**Task item:** Output every entry below exactly, without its pictures.
::::::::
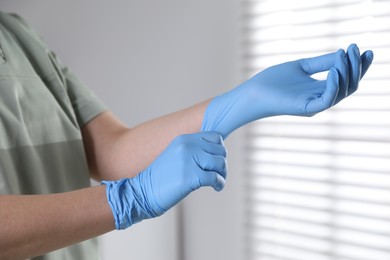 Photo of Medical worker putting on gloves in hospital, closeup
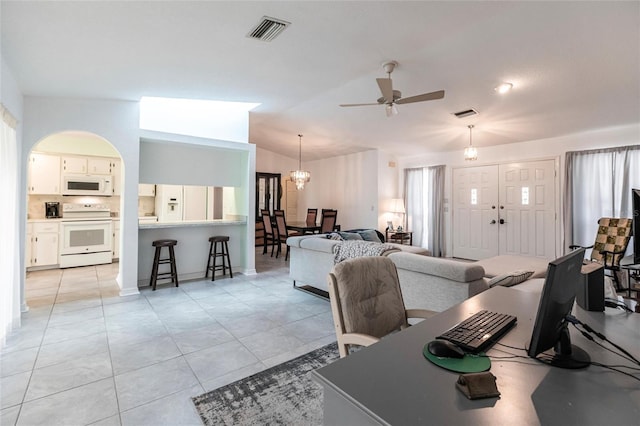 living room featuring lofted ceiling, light tile flooring, and ceiling fan with notable chandelier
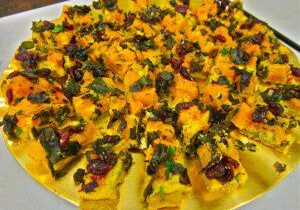 A plate of savory, colorful vegetable and paneer stuffed snacks.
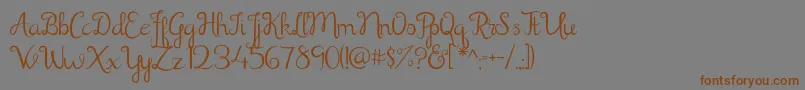 フォントShathika – 茶色の文字が灰色の背景にあります。
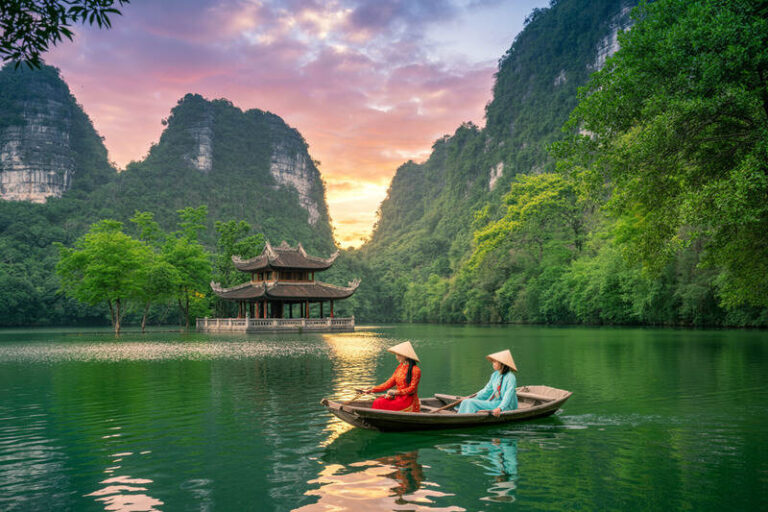 Two travelers in a small wooden boat on a calm emerald lake, with a traditional pavilion and dramatic limestone cliffs at sunset.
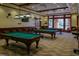 Entertaining billiards room with three tables, bar seating and televisions at 519 Garendon Dr, Cary, NC 27519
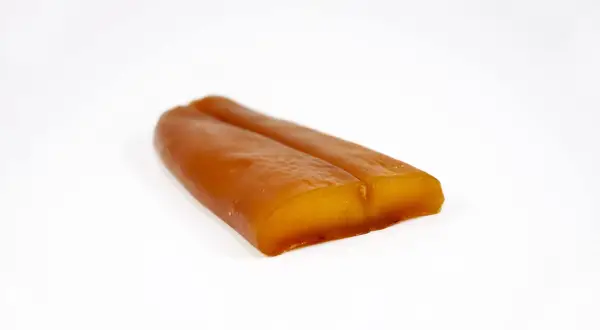Zwei goldbraune, längliche Stücke Bottarga di Muggine liegen nebeneinander auf weißem Grund.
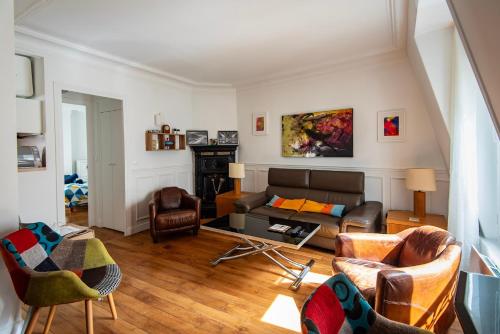 un salon avec un canapé et des chaises dans l'établissement Welcome to Paris, à Paris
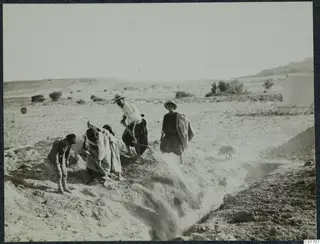 Workers shovelling soil into a trench at Ayios Iakovos, with a white tent and dry hills behind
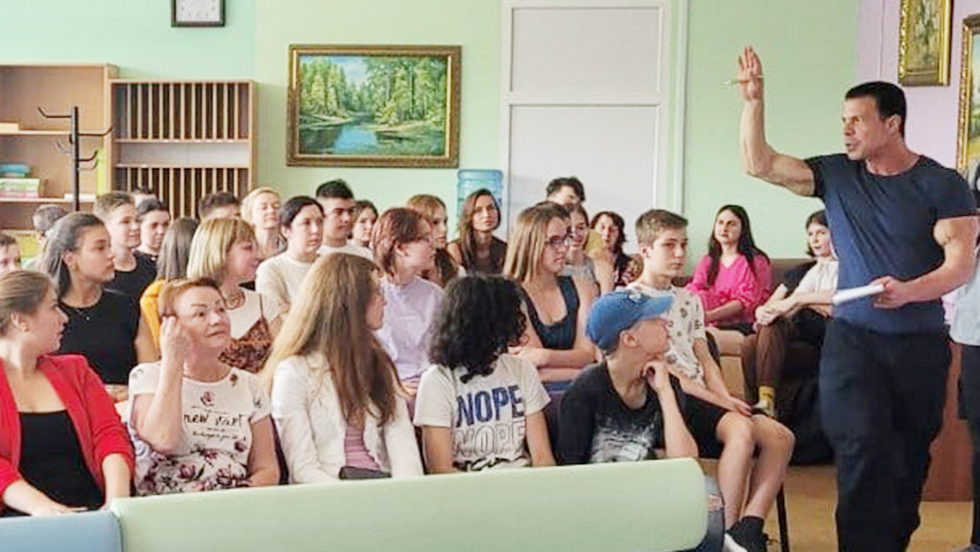 Professor Mirra, holding a book, stands in front of approximately 30 attentive students in a small but bright classroom.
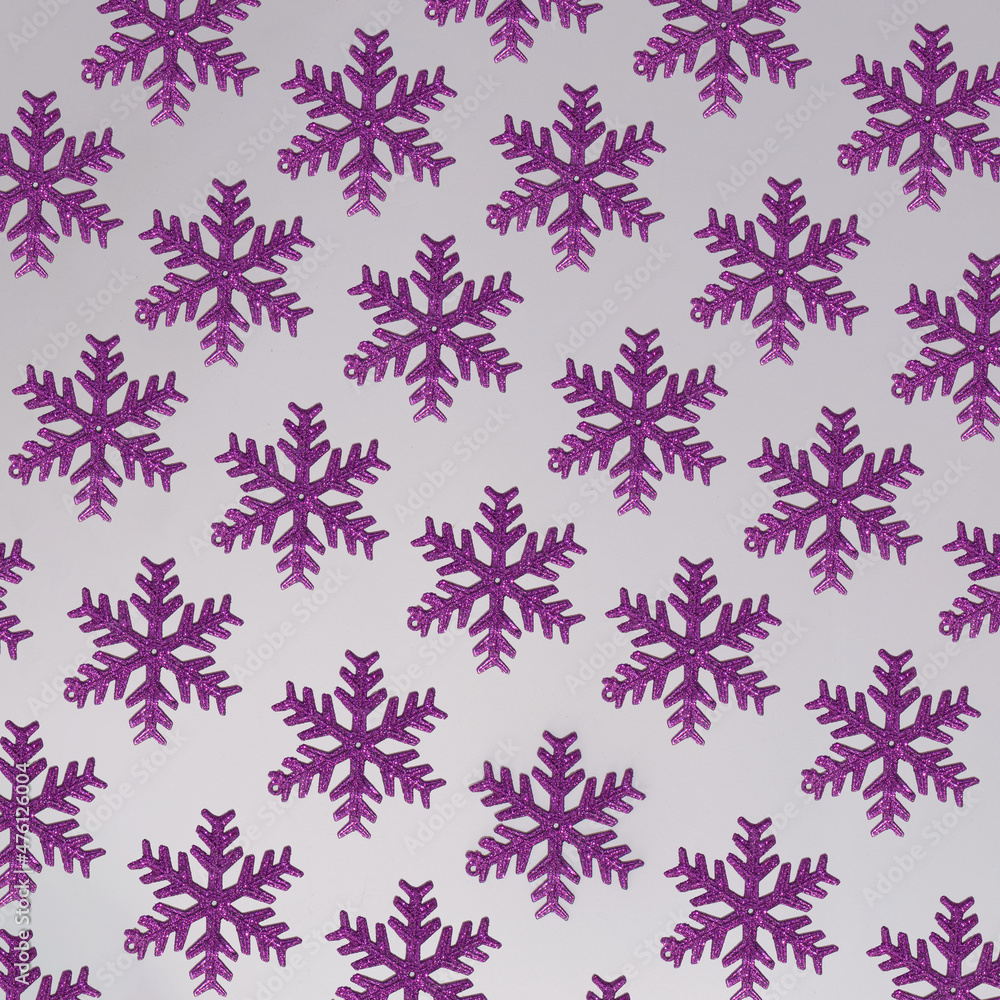 Winter holidays pattern design.purple snowflake on a soft background.aesthetic design Winter holidays pattern design.purple snowflake on a soft background.aesthetic design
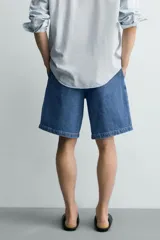 Bermuda de denim de algodón con corte relaxed fit, cintura con pliegues dobles en el delantero, bolsillos laterales y traseros de doble vivo, con efecto lavado y cierre frontal con cremallera y botón.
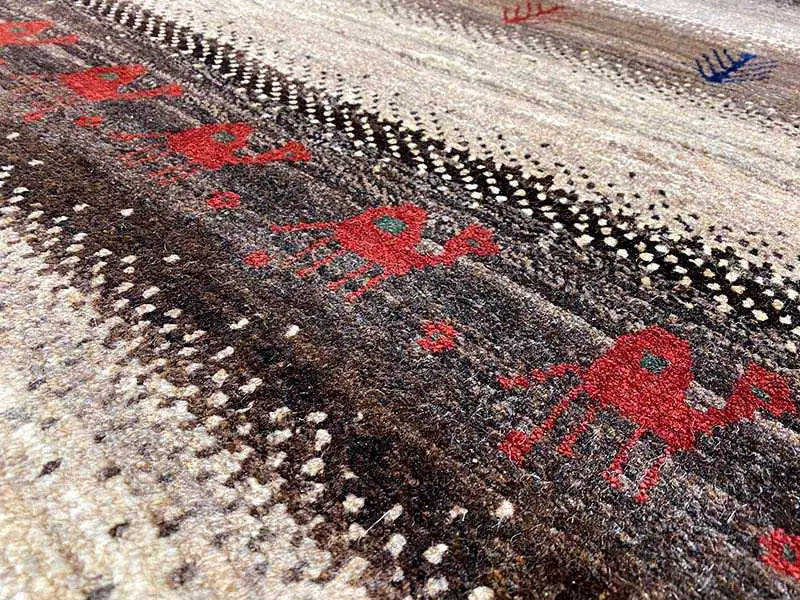 Gabbeh rug close-up: red diamonds, black dot patterns, and a beige background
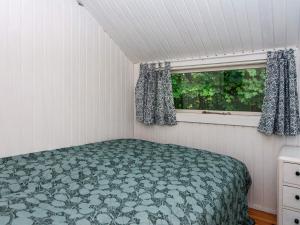 um pequeno quarto com uma cama e uma janela em Holiday home Knebel LII em Knebel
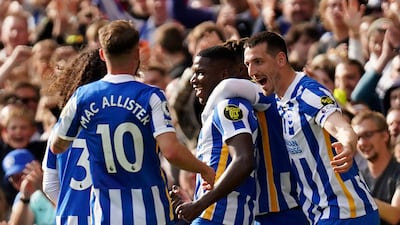 Brighton and Hove Albion's Moises Caicedo, centre, celebrates scoring. AP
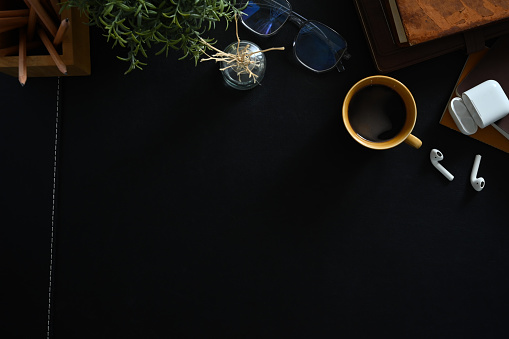 Above view of stylish workplace with cup of coffee, glasses notebook and earphones on black leather background.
::::::::
**Output:**
 Photo of Medical worker putting on gloves in hospital, closeup
 living room featuring lofted ceiling, light tile flooring, and ceiling fan with notable chandelier
 A plate of savory, colorful vegetable and paneer stuffed snacks.
 フォントShathika – 茶色の文字が灰色の背景にあります。
 Two travelers in a small wooden boat on a calm emerald lake, with a traditional pavilion and dramatic limestone cliffs at sunset.
 Entertaining billiards room with three tables, bar seating and televisions at 519 Garendon Dr, Cary, NC 27519
Zwei goldbraune, längliche Stücke Bottarga di Muggine liegen nebeneinander auf weißem Grund.
 un salon avec un canapé et des chaises dans l'établissement Welcome to Paris, à Paris
 Workers shovelling soil into a trench at Ayios Iakovos, with a white tent and dry hills behind
 Professor Mirra, holding a book, stands in front of approximately 30 attentive students in a small but bright classroom.
 Winter holidays pattern design.purple snowflake on a soft background.aesthetic design Winter holidays pattern design.purple snowflake on a soft background.aesthetic design
 Bermuda de denim de algodón con corte relaxed fit, cintura con pliegues dobles en el delantero, bolsillos laterales y traseros de doble vivo, con efecto lavado y cierre frontal con cremallera y botón.
 Gabbeh rug close-up: red diamonds, black dot patterns, and a beige background
 um pequeno quarto com uma cama e uma janela em Holiday home Knebel LII em Knebel
 Brighton and Hove Albion's Moises Caicedo, centre, celebrates scoring. AP
 Above view of stylish workplace with cup of coffee, glasses notebook and earphones on black leather background.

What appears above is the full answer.